But we’ve made an idol out of self-pity. Being a Jew means being a victim. All histories contain suffering—but haven’t the Jews suffered most of all? In every century? In every country we’ve ever inhabited? Aren’t we the weak, the poor, the persecuted, and the despised? Weren’t we bullied at school, for our high intellects and our limp lokshen arms? Don’t other people have an obligation to feel bad for us? Even Jews who, like me, have never once been a victim of antisemitism—we’re still victims by descent. As a Jew, I’m not more likely to be impoverished, uneducated, or imprisoned than my gentile peers; in fact, precisely the opposite. But the victimhood remains. The one legacy of oppression I can never hope to escape. Like black tar on my skin. On Christmas Day last year, while the bombs continued to fall, the smug fucking face of smug Stephen Fry took over British TV to demand that the public do more to cherish and pity the Jews. Anything unpleasant—the taunts of some ordinary bigot, or the resistance of a people violently dispossessed for seventy-five years—gets folded into the vast archive of Jewish suffering, from Tiglath-Pileser to the death camps.

I really do agree with Kriss here. As a Jew I find Jewish self-pity nauseating and embarrassing, but even more than that I find it kind of humiliating. But it’s important to note that many Israelis would agree with him too.

Israel was not borne of Jewish self-pity. Crying about how the goyim are oppressing us is, after all, probably the oldest diaspora Jewish pastime. You can find thousands of examples of it over the centuries, from medieval England to 17th century Iran, from the Old Testament to the shtetl. Diasporic Jewish writing for much of the last millennium, in both the Middle East and Europe, often accepted gentile torment as either just punishment by God, or just as an unfortunate reality of the test imposed by God on earth in anticipation of the world to come. Efforts to actually end that victimhood were limited to individual community success stories in some countries at some times, but little else.

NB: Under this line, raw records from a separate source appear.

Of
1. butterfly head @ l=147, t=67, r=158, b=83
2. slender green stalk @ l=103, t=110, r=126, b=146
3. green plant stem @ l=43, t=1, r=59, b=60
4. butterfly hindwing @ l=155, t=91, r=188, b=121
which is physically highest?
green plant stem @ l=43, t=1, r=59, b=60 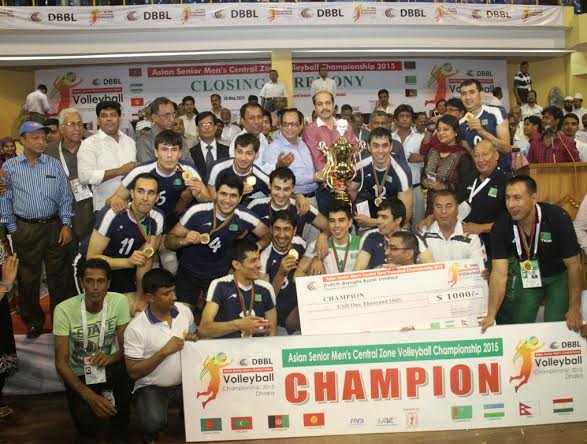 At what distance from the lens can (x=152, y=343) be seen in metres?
4.93

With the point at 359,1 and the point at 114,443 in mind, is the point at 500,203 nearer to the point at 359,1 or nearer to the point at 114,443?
the point at 114,443

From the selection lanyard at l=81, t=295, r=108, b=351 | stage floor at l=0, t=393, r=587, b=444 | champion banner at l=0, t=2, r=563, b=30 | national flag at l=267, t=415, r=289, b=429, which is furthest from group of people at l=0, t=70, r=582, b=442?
champion banner at l=0, t=2, r=563, b=30

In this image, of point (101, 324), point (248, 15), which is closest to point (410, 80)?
point (248, 15)

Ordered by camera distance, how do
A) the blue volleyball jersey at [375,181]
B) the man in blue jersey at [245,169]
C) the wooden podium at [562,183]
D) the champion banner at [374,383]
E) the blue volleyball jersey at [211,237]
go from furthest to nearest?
the wooden podium at [562,183]
the blue volleyball jersey at [375,181]
the man in blue jersey at [245,169]
the blue volleyball jersey at [211,237]
the champion banner at [374,383]

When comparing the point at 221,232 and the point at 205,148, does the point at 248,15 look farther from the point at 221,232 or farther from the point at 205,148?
the point at 221,232

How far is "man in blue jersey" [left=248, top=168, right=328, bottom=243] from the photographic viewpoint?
589 centimetres

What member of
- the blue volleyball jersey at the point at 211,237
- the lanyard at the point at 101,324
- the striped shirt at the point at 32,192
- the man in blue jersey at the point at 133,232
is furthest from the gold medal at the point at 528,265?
the striped shirt at the point at 32,192

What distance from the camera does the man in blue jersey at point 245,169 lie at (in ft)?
19.7

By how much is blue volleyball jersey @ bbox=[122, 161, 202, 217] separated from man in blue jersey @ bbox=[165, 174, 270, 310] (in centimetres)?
27

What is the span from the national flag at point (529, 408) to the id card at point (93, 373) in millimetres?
2984

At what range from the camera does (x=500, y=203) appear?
20.0 feet

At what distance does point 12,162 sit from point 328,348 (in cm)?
355

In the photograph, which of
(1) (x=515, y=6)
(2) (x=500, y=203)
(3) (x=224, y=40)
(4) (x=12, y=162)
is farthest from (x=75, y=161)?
(1) (x=515, y=6)

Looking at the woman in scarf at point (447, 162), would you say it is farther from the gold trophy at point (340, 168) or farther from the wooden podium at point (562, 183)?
the wooden podium at point (562, 183) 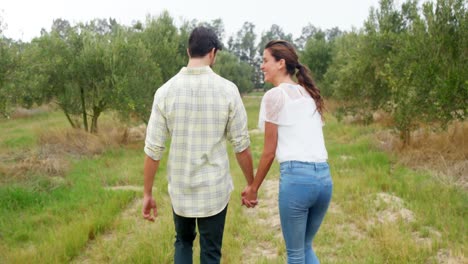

Israel was a response to that, an effort to break free of it, to not be victims again and forevermore.

Sure, it is true that some of Israel’s supporters use the ‘historical oppression’ angle to justify Zionism. Personally I find that distasteful, though I understand that in the modern western progressive milieu an oppressed victimhood framework is pretty much the only acceptable one. But the actual core of the idea is quite different. It’s a commitment against self-pity, an acknowledgment of the hard ways of the world, an acceptance that while spiritual salvation and religious purity have their value, they are insufficient when it comes to survival in our earthly lives.

Yes, I agree completely. I'm on a mailing list for Jews at my company and the neurosis makes me sick to my stomach sometimes. People talking about the latest microaggression, dredging up old trauma, people talking about where to move if/wheb the US gets uninhabitable for Jews - it's ridiculous. The USA remains a great place to be Jewish, the place that seems most likely to remain so, and if it doesn't, there comes a time to plant your feet in your homeland and make a stand.

Our one was very inactive, a few people posting about challah baking, some orthodox people who work in back office trade functions in NYC/NJ posting Torah readings or rebbe quotes, and Israelis in the engineering team posting about Israeli EDM/techno/whatever. Political discussion is discouraged but unfortunately ours has just become “hope you guys are feeling safe, here are some mental health resources” concernposting since October 7th.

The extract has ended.